А базарная площадь уже перед ней, совсем живая, настоящая, с каменной оградой, обросшей по кромке травой, хоть и поздней, блекловатой, и Оля, довольная, шла меж длинных деревянных ларей с корзинкой, думая о соли, о мыле, о спичках, которые удалось купить и выменять, особенно радовалась баранкам для дедушки Нечипора, шла к выходу, к распахнутым воротам. У ворот все и началось, в полдень, — хорошо помнила она и помнила того, носатого, с выпученными глазами немца, он оттолкнул ее от ворот: «Цурюк…» Потом вместе с другими везли ее в машине, в открытой, и она видела улицы своего города. И тогда, как и сейчас, везде появлялся Володя, такой, как всегда, чуть веселый, чуть застенчивый, чуть влюбленный. Конечно же, это он делал вид, что чуть влюблен, а на самом деле любит ее всем сердцем, она-то знает… Потом — поезд, шедший в Германию, в нем тысяча советских юношей и девушек. И нападение на состав. И хмурый Янек. И ночной стреляющий лес, и Трофим Масуров в том лесу… На базарной площади, у ворот все и началось. А теперь опять туда же?..

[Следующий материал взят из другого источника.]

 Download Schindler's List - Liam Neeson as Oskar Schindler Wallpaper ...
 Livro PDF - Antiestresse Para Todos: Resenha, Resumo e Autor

Она сжалась, как будто это имело значение. И удивилась, что это занимает ее. Все, о чем только что думала, как-то рассеялось, пропало. Да и думала о многом сразу, неясно, вперемешку, отрывочно, вскользь, и потому ничто в сознание глубоко не западало. Будто у нее еще останется время обо всем подумать спокойно, обстоятельно. Сейчас мысль, что везут их на базарную площадь, вытеснила все. Даже мысль о Володе.

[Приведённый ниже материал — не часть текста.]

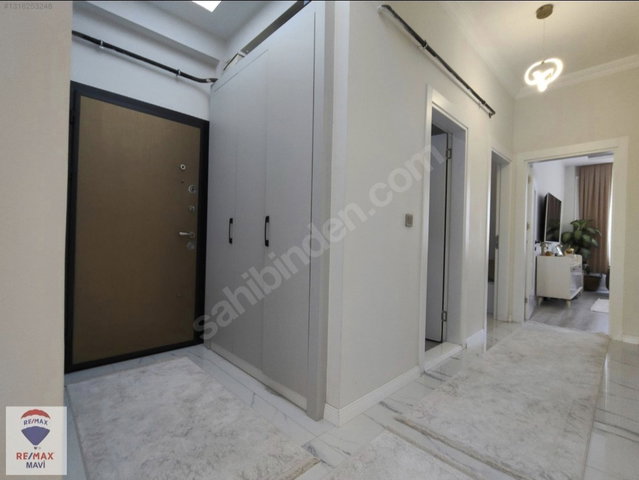 SAKARYA ADAPAZARI MALTEPE PANORAMA EVLERİ’NDE SIFIR 3+1 SATILIK DAİRE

Оля почувствовала, что ей тесно, что не хватает воздуха, как в тюремной камере. Почудилось даже, что она все еще там и кто-то бессмысленно расшатывает камеру. И еще показалось, что бросили ее глубоко в ночь и она несется среди этой ночи, равнодушная ко всему. Это было не слепое, покорное ожидание, это была внутренняя примиренность с тем, что должно произойти. Она приучила себя к мысли, что все это уже произошло когда-то, осталось где-то позади, и теперь тяжелым воспоминанием вернулось к ней. Нелегко привыкала к такой мысли. Сначала был страх, и, обезумев, металась она по камере, и был крик, который никуда не доходил, заглушенный камнем, и мгновенные, вдруг возникавшие надежды были, такие слабые, как больная улыбка на измученном лице, и снова в сердце врывался ужас. Потом постепенно приходила ясность, утешающая ясность. Неизбежного не отвратить, и это придавало силы, и уверенность в себе уже не отступала, разве только ненадолго, ночью.

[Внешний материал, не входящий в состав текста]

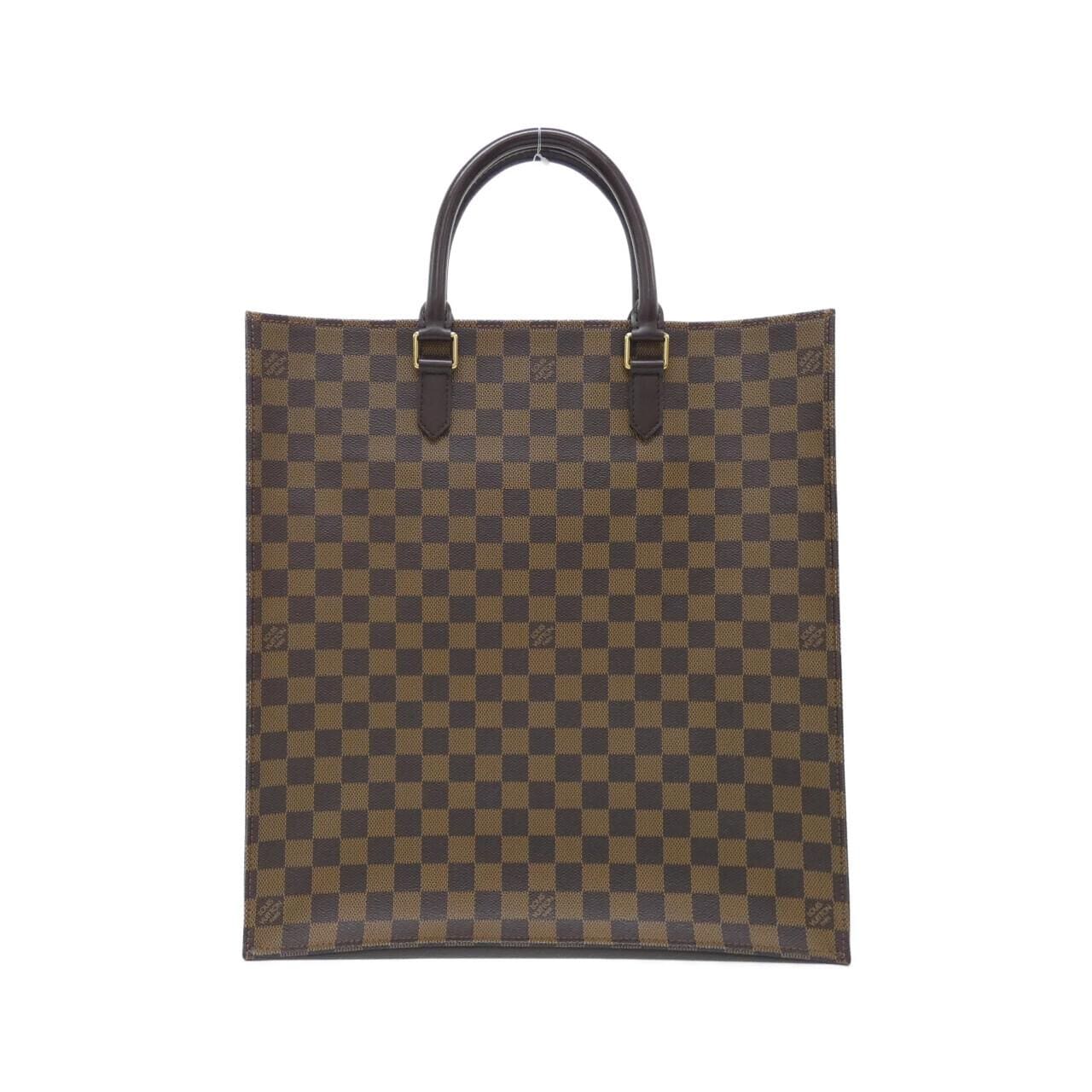 LOUIS VUITTON N51140 Handbag Damier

А Федор все всколыхнул в ней: базарная площадь!..
Оля попробовала пошевелить руками и не смогла, веревка цепко впилась в запястья.
— Долго еще?
— Нет, — сказал Федор.
Ей, собственно, безразлично, долго ли еще вот так лежать в кузове. Просто хотелось говорить, чтоб не испытывать одиночества. Сейчас оно было бы особенно мучительным. Накануне, вчера, их свели в общую камеру. А три недели сидела в одиночке. Допросы, допросы. Они длились часами, допросы. Ее допрашивали чудовища, у которых и лица, и глаза, и кулаки не как у людей… Не может же человек иметь свинцовые кулаки, не может же человек разбивать человеку скулы, челюсть, переносицу… И еще сейчас колкая боль не ушла из тела и возвращала в ту длинную, мутную комнату, в которой, казалось, даже воздух причиняет боль, и плечи сами собой сжимались в ожидании удара чем-то тяжелым и острым. Вспомнила, как после допроса, истерзанная, забылась она в коротком сне, и сквозь сон услышала: скреблась мышь. Быстрый шорох по цементному полу даже обрадовал ее — мышь, мышь… Рядом было живое существо, может быть, в углу, может быть, под койкой. Она открыла глаза, но в черноте камеры ничего не увидела. «Мышь побегает-побегает и юркнет в норку — уйдет на свободу, на свою свободу, — подумалось, — ей никто не помешает сделать это…» И еще подумалось, что в городе, наверное, уже светает, и скоро опять поведут на допрос. И куда бы ее ни везли в этом мрачном кузове, ей легче, чем там, в камере и на допросах: рядом Федор, Мефодий, и самого страшного в ее положении — одиночества — не было.
Переспросила:
— Долго еще?
— Нет.
Он, наверно, понял ее, Федор. И Оля благодарно посмотрела на него. Но во мраке он не видел ее взгляда.
— Даже стен не осталось, — произнес он вдруг. Ей послышалась спокойная радость в его тоне.